Andy Graham’s Northwestern at Indiana notes


It’s a perfect day for football here at Indiana’s Memorial Stadium, but there sure aren’t many people here to enjoy it, so far. The crowd always arrives late for noon kickoffs, but this is still a very sparse turnout at this juncture, about 15 minutes before kickoff.

Regardless of attendance, this is a huge game for both teams. Northwestern, which has won five straight road games, is one win away from bowl eligibility. The Hoosiers are in dire need of a win to generate some positive momentum for their season and to regain some of the fan support now fading, as evidenced by the empty seats today.

As always, I’ll have observations as the game progresses, after the jump.

FIRST QUARTER: Indiana 3, Northwestern 0.
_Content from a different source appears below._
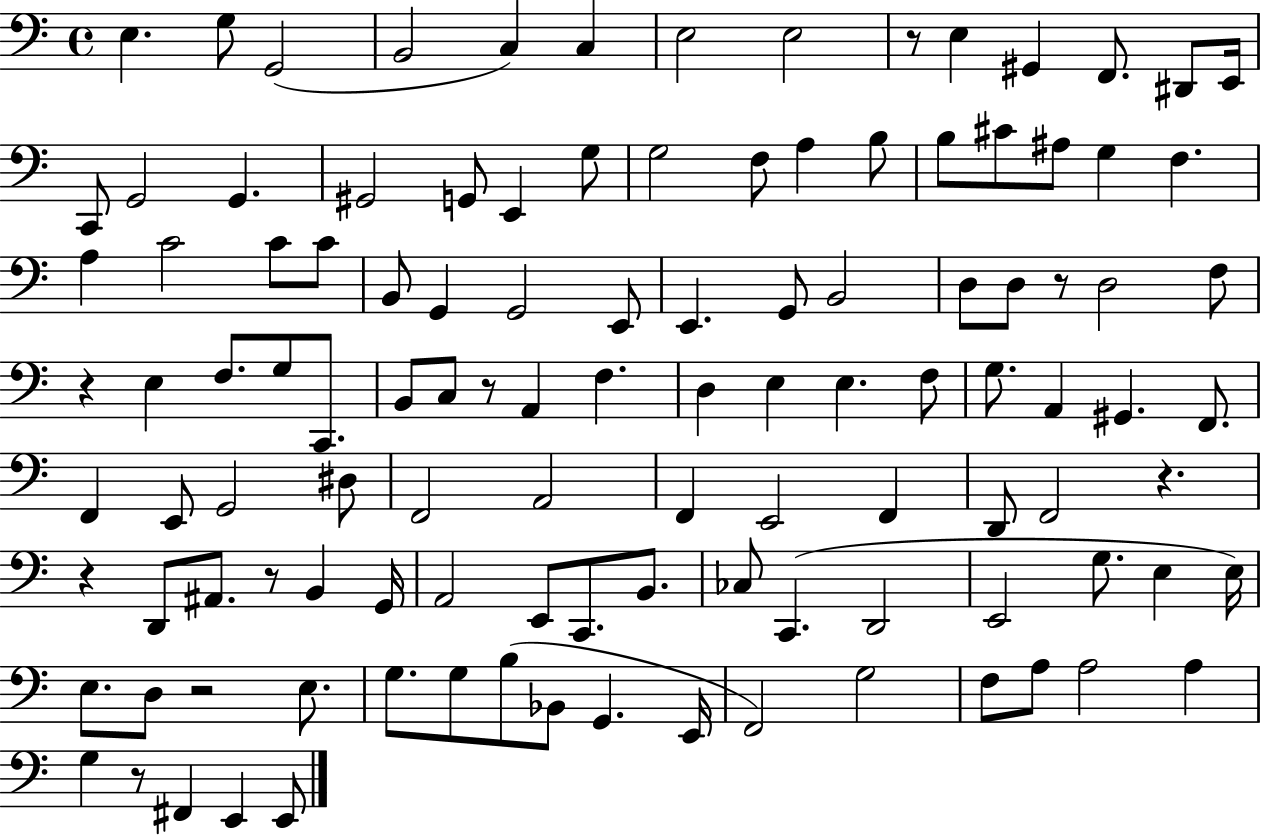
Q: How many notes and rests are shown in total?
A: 114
Indiana opened with a good series on both sides of the ball, but only garnered a 3-0 lead to show for it. The defense recorded a snappy 3-and-out, getting good pressure on NU quarterback Dan Persa, and then IU quarterback Ben Chappell started with four straight completions. But a Chappell QB draw on 3rd-and-2 from the NU 3 got stuffed by Bryce McNaul. The call made sense on-paper in that no defender is assigned to the quarterback and Chappell didn’t need to score, only to get the 2 yards needed for a first down, but it was still Ben Chappell running in heavy traffic from a pistol formation.

Indiana’s defense played a good quarter, overall, rendering NU’s first three possessions scoreless. The fourth would have been stopped, too, but on the last play of the period, when Darius Johnson came clean on a 3rd-down stunt but missed Persa, Mike Mentzer then, while helping make the tackle, committed a facemask penalty to keep the drive alive. It was the kind of mistake that can kill a team in a close game.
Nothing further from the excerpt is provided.